Cage Match: Comparing the Anion Binding Ability of Isostructural Versus Isofunctional Pairs of Metal-Organic Nanocages

Affinities of six anions (mesylate, acetate, trifluoroacetate, p-toluenecarboxylate, p-toluenesulfonate, and perfluorooctanoate) for three related Pt²⁺-linked porphyrin nanocages were measured to probe the influence of different noncovalent recognition motifs (e. g., hydrogen bonding, electrostatics, π bonding) on anion binding. Two new hosts of M₆L₃¹²⁺ (1b) and M₄L₂⁸⁺ (2) composition (M=(en)Pt²⁺, L=(3-py)₄porphyrin) were prepared in a one-pot synthesis and allowed comparison of hosts that differ in structure while maintaining similar N−H hydrogen-bond donor ability.

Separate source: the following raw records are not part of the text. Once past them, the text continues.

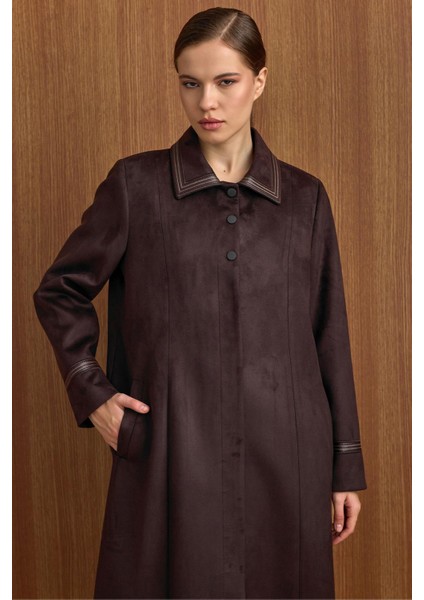 Gömlek Yaka Deri ve Işleme Detaylı Süet Görünümlü Büyük Beden Pardesü K. Kahve 6798 modelleri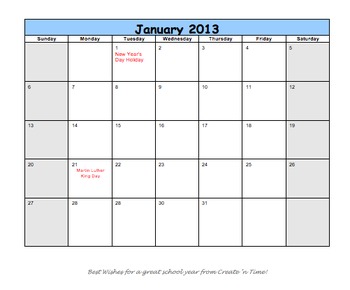 2013 Calendar  Word on Free 2012 2013 School Year Organizational Calendar Ms Word Format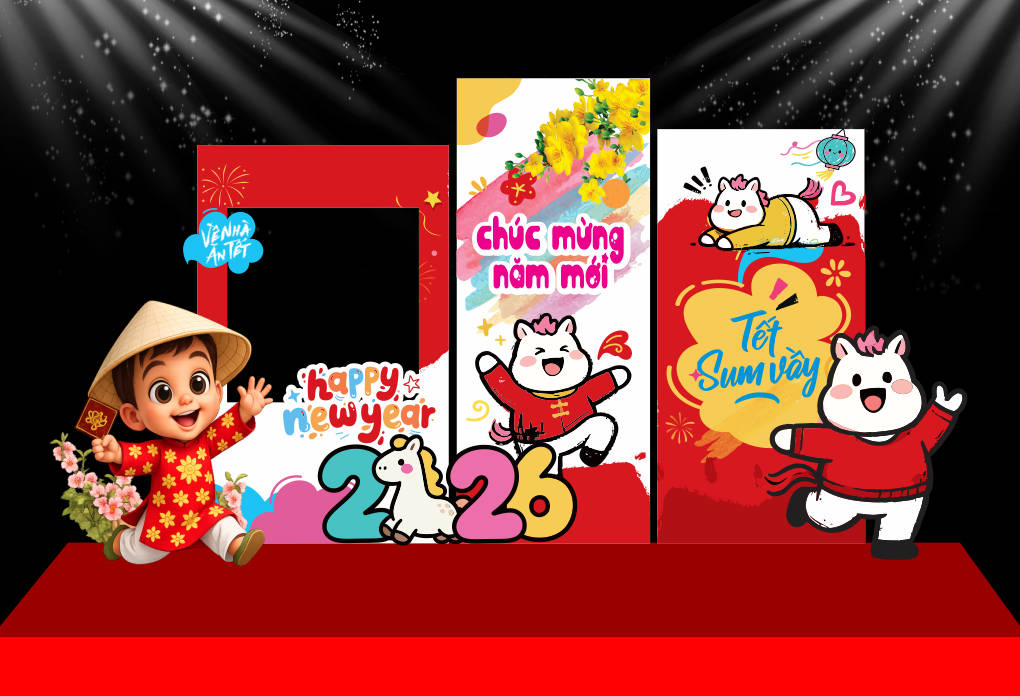 31258 file thiết kế mô hình decor chụp ảnh tết năm mới xuân Bính Ngọ 2026 corel x7
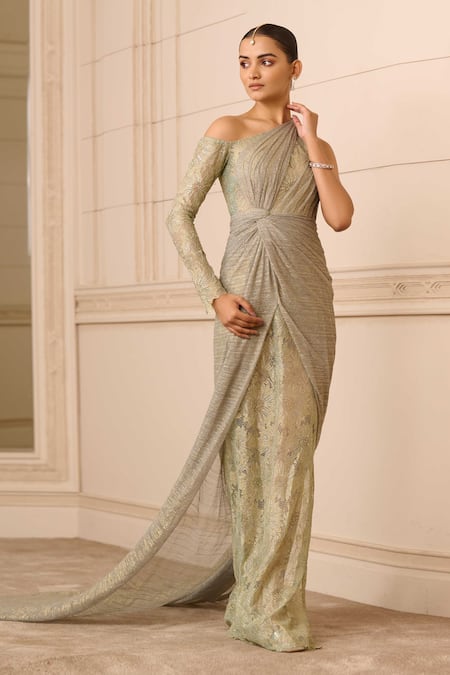 Buy_Tarun Tahiliani_Blue Tulle Crystals Asymmetric French Lace Draped Gown _Online_at_Aza_Fashions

Comparisons of isostructural hosts that differ in hydrogen-bonding ability were made between 1b and a related M₆L₃¹²⁺ nanoprism (1a, M=(tmeda)Pt²⁺) that lacks N−H groups. Considerable variation in association constants (K₁=1.6×10³ M⁻¹ to 1.3×10⁸ M⁻¹) and binding mode (exo vs. endo) were found for different host–guest combinations. Strongest binding was seen between p-toluenecarboxylate and 1b, but surprisingly, association of this guest with 1a was only slightly weaker despite the absence of NH⋅⋅⋅O interactions. The high affinity between p-toluenecarboxylate and 1a could be turned off by protonation, and this behavior was used to toggle between the binding of this guest and the environmental pollutant perfluorooctanoate, which otherwise has a lower affinity for the host.